▶ [EXERCISE]: Locate the line containing "RazorSharpDigit's tweet card." in the material below. Copy that line and all following lines through the end exactly, omitting any pictures.

▶ [MATERIAL FOR THE TASK]:
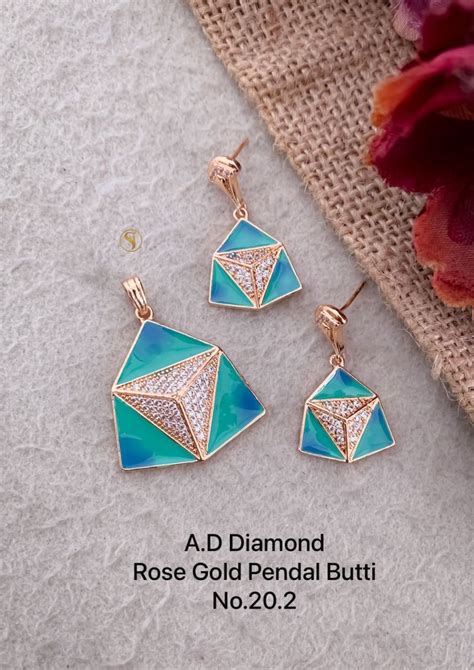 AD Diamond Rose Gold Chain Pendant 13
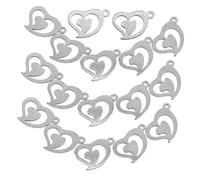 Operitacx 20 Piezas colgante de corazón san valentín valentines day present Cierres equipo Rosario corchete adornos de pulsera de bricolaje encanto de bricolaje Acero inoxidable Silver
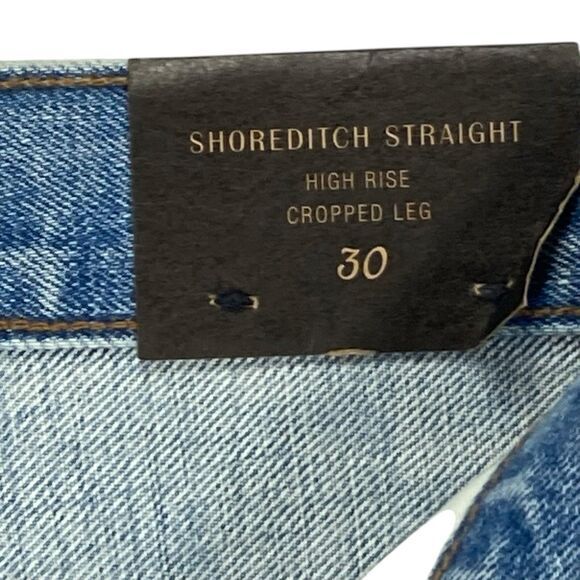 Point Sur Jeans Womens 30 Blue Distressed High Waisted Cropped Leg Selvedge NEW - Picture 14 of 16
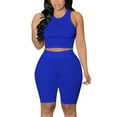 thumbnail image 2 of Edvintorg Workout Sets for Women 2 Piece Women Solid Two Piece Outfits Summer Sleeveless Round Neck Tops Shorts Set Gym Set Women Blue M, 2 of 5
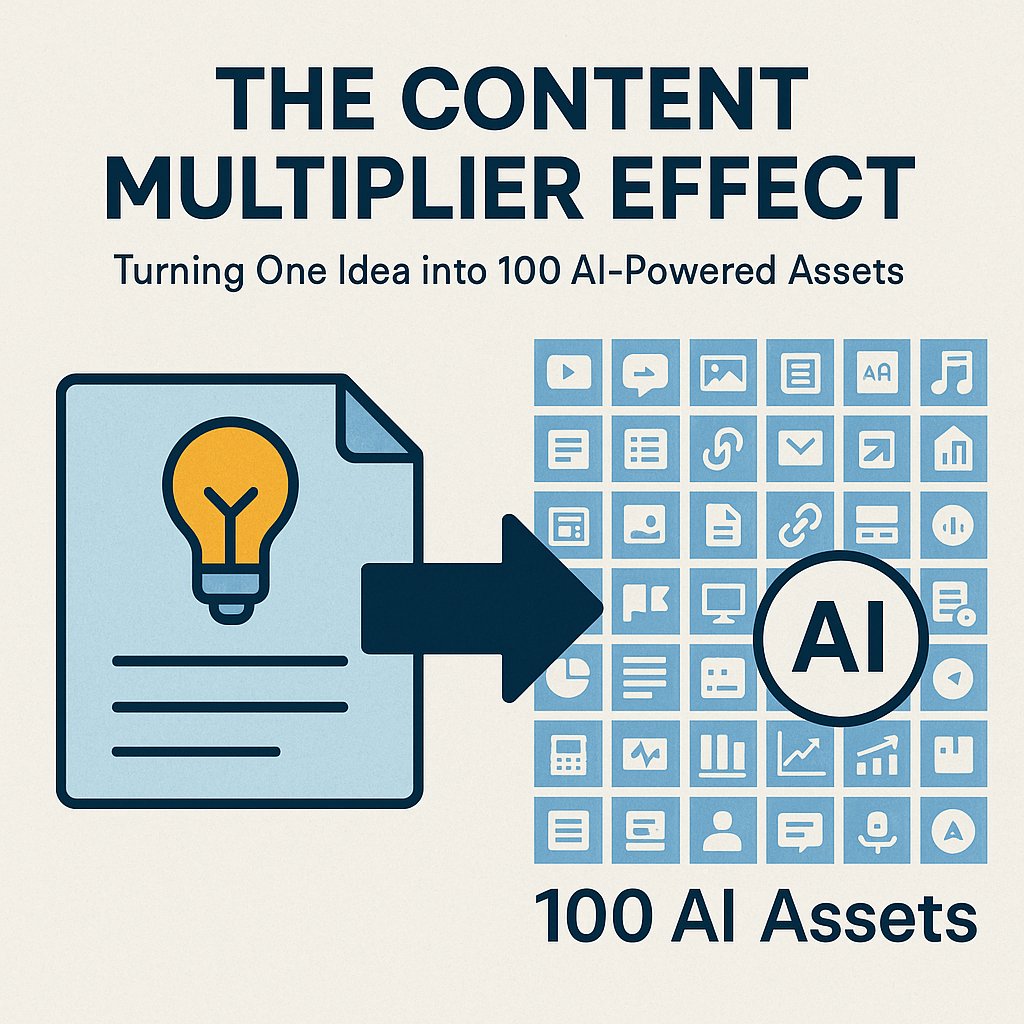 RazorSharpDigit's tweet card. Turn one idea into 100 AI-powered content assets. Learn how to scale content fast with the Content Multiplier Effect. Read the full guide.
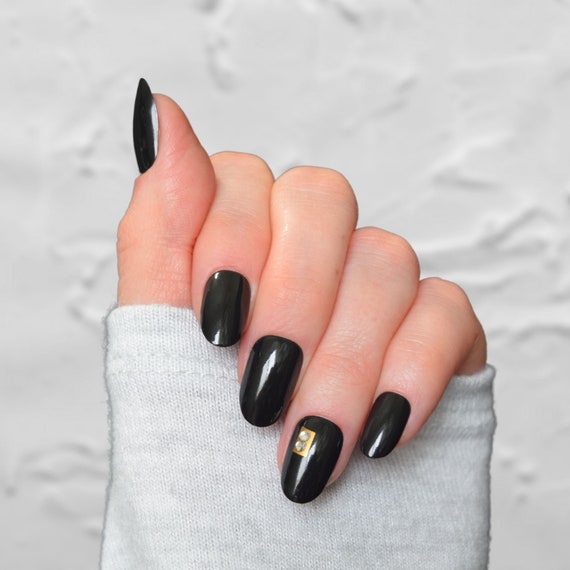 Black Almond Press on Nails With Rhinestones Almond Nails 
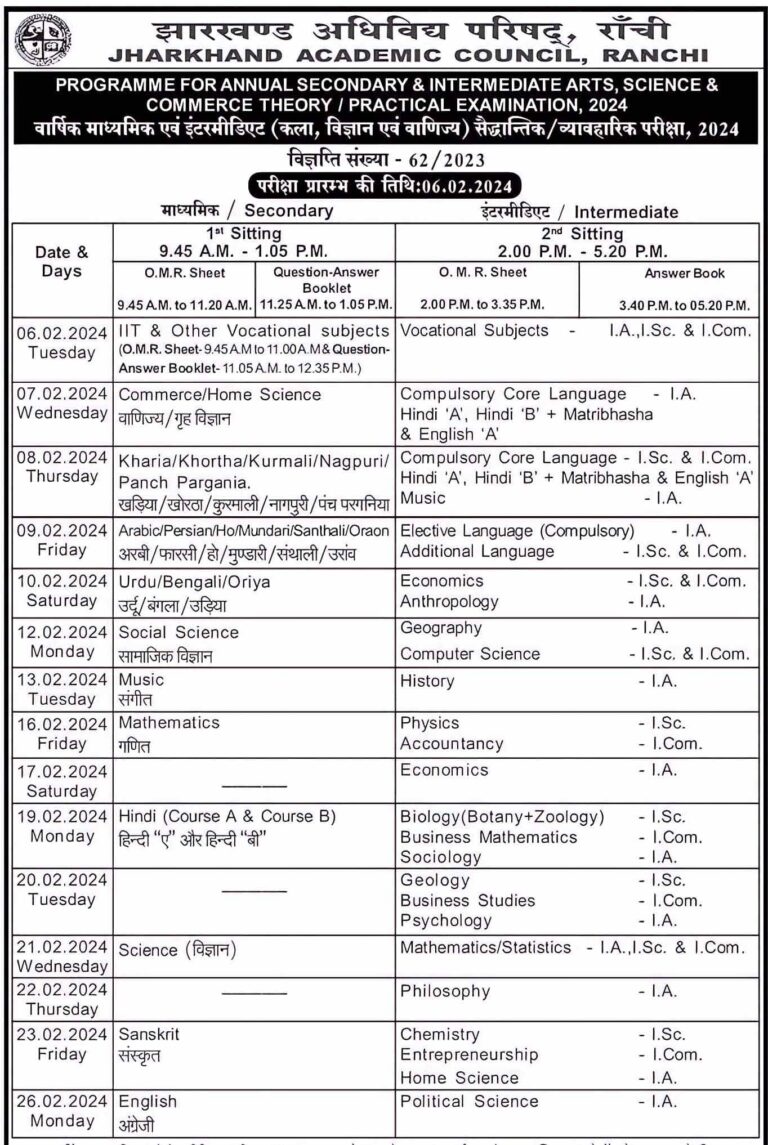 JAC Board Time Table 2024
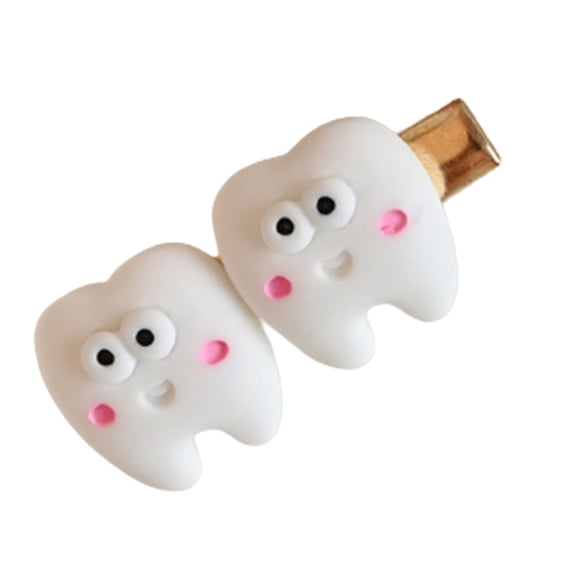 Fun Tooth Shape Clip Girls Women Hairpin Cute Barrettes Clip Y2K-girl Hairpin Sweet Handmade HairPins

▶ [YOUR SOLUTION]:
 RazorSharpDigit's tweet card. Turn one idea into 100 AI-powered content assets. Learn how to scale content fast with the Content Multiplier Effect. Read the full guide.
 Black Almond Press on Nails With Rhinestones Almond Nails 
 JAC Board Time Table 2024
 Fun Tooth Shape Clip Girls Women Hairpin Cute Barrettes Clip Y2K-girl Hairpin Sweet Handmade HairPins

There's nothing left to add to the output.